Please print the records below exactly as they are.

→ **Material for this task**
■ ■ ■ ■ ■

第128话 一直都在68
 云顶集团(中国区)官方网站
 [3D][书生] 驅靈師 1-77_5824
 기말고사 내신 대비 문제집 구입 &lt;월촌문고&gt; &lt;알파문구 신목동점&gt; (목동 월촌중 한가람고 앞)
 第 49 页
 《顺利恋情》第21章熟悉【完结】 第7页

■ ■ ■ ■ ■

→ **Solved exercise**
第128话 一直都在68
 云顶集团(中国区)官方网站
 [3D][书生] 驅靈師 1-77_5824
 기말고사 내신 대비 문제집 구입 &lt;월촌문고&gt; &lt;알파문구 신목동점&gt; (목동 월촌중 한가람고 앞)
 第 49 页
 《顺利恋情》第21章熟悉【完结】 第7页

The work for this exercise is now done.